Vera looked fearfully at the coin, at Ippolit, then at her father, and, somehow awkwardly, her head thrown back, as if convinced that she herself should not look at the coin, tossed it on the table. It came up heads.
"I read!" whispered Ippolit, as if crushed by the decision of fate; he could not have turned more pale if a death sentence had been read to him. "But anyhow," he suddenly gave a start after pausing half a minute, "what is it? Have I just cast the die?" and with the same aggressive frankness he looked at everyone around him. "But this is an astonishing psychological feature!" he suddenly cried,
turning to the prince in genuine amazement. "This . . . this is an inconceivable feature, Prince!" he confirmed, growing animated and as if coming to his senses. "Write this down, Prince, remember it, I believe you collect materials about capital punishment ... so I was told, ha, ha! Oh, God, what senseless absurdity!" He sat down on the sofa, leaned both elbows on the table, and clutched his head with his hands. "It's even shameful! . . . The devil I care if it's shameful," he raised his head almost at once. "Gentlemen! Gentlemen, I am opening the envelope," he announced with a sort of unexpected resolve, "I . . . however, I'm not forcing you to listen! . . ."

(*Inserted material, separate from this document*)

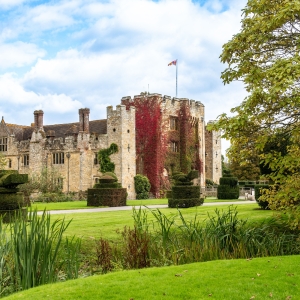 World Premiere of ANNE BOLEYN THE MUSICAL Comes to the Grounds of Hever Castle in 2025 Photo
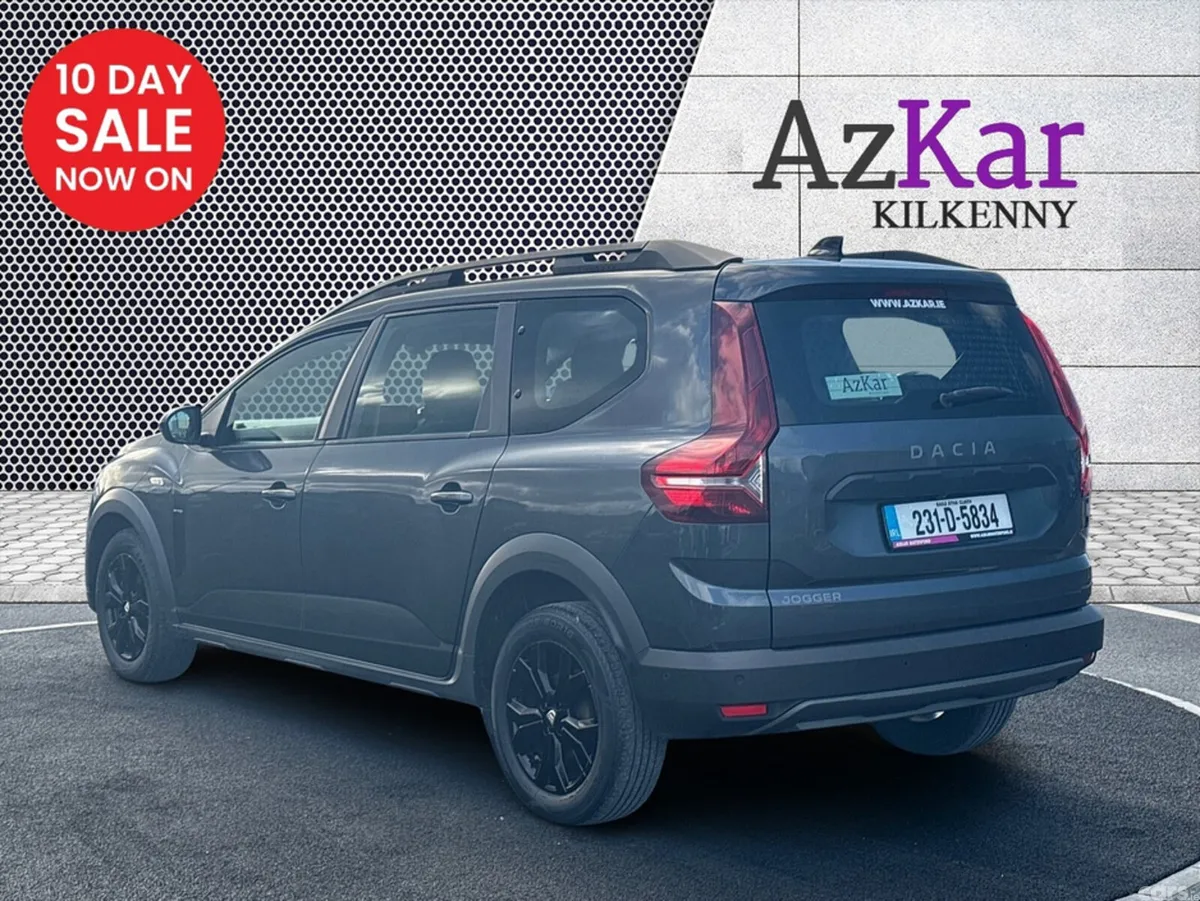 Dacia Jogger MPV, Petrol, 2023, Grey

His hands trembling with excitement, he opened the envelope, took out several sheets of paper covered with small writing, placed them in front of him, and began smoothing them out.

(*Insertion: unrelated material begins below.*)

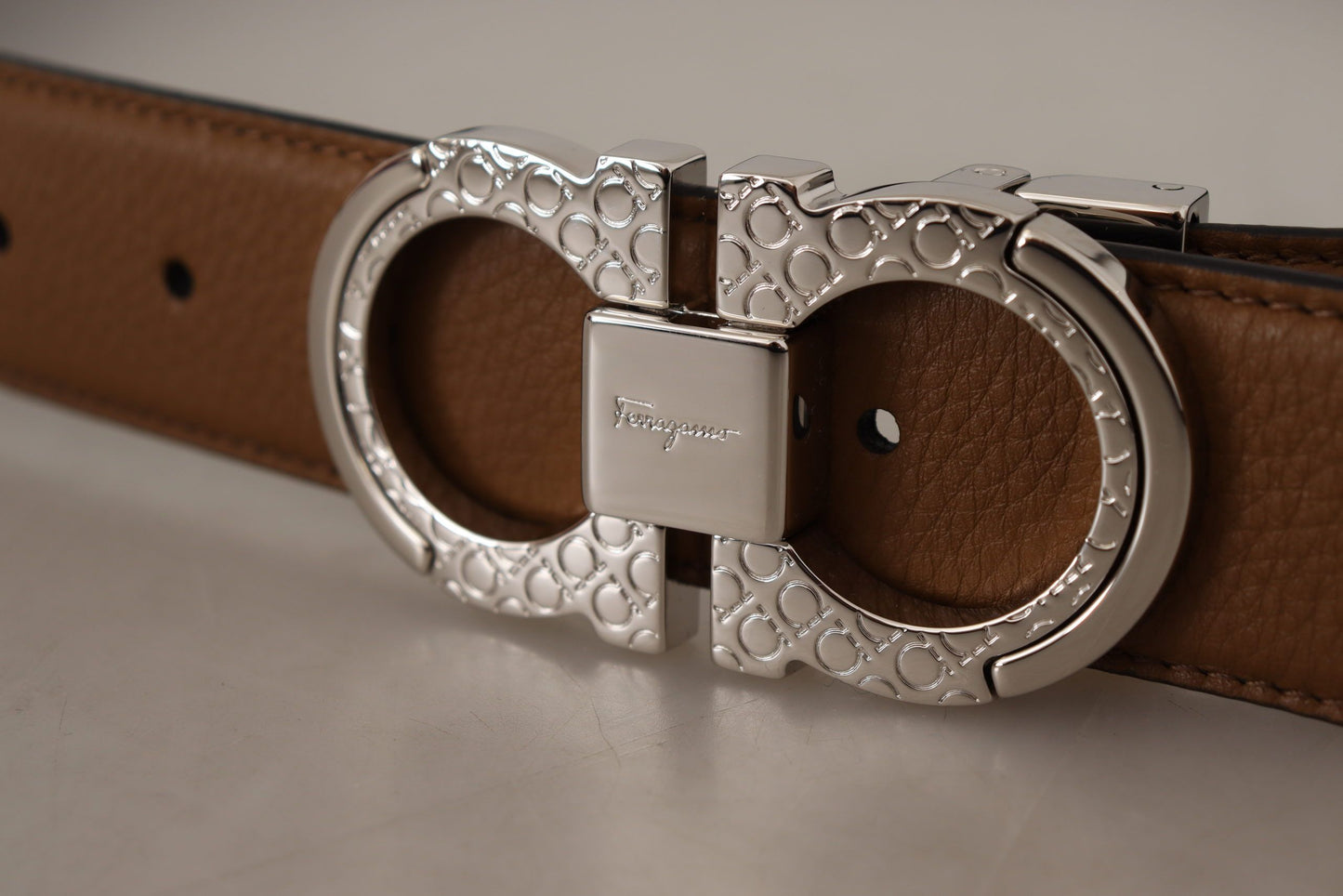 Salvatore Ferragamo Elegant Reversible Calf Leather Belt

"But what is it? What have you got there? What are you going to read?" some muttered gloomily; others kept silent. But they all sat down and watched curiously. Perhaps they indeed expected something extraordinary. Vera gripped her father's chair and all but wept from fear; Kolya was almost as frightened. Lebedev, who had already settled down, suddenly got up, seized the candles, and moved them closer to Ippolit, so that there would be enough light to read by.
"Gentlemen, you . . . you'll presently see what it is," Ippolit added for some reason and suddenly began his reading: " 'A Necessary Explanation'! Epigraph: Après moi le deluge* . . . Pah, devil take it!" he cried as if burned. "Could I have seriously set down such a stupid epigraph? . . . Listen, gentlemen! ... I assure you that in the final end this may all be the most terrible trifles! It's just some of my thoughts ... If you think it's . . . something mysterious or . . . forbidden ... in short . . ."
"Read without any prefaces," Ganya interrupted.
"He's dodging!" somebody added.
"Too much talk," put in Rogozhin, who had been silent the whole time.
Ippolit suddenly looked at him, and when their eyes met, Rogozhin grinned bitterly and sarcastically, and slowly pronounced some strange words:
"That's not how the thing should be handled, man, that's not . . ."
* After me the great flood.
What Rogozhin meant to say, no one, of course, understood, but his words made a rather strange impression on them all; it was as if they had all brushed up against a common thought. But the impression these words made on Ippolit was terrible; he trembled so much that the prince reached out to support him, and he would probably have cried out, if his voice had not suddenly failed him. For a whole minute he was unable to utter a word and, breathing heavily, stared at Rogozhin. At last, breathlessly and with great effort he spoke:
"So that . . . that was you . . . you?"
"What? What about me?" Rogozhin answered in perplexity, but Ippolit, flushed, and suddenly seized almost by rage, cried sharply and loudly:
"You were in my room last week, at night, past one o'clock, the same day I went to see you in the morning! You! Admit it was you!"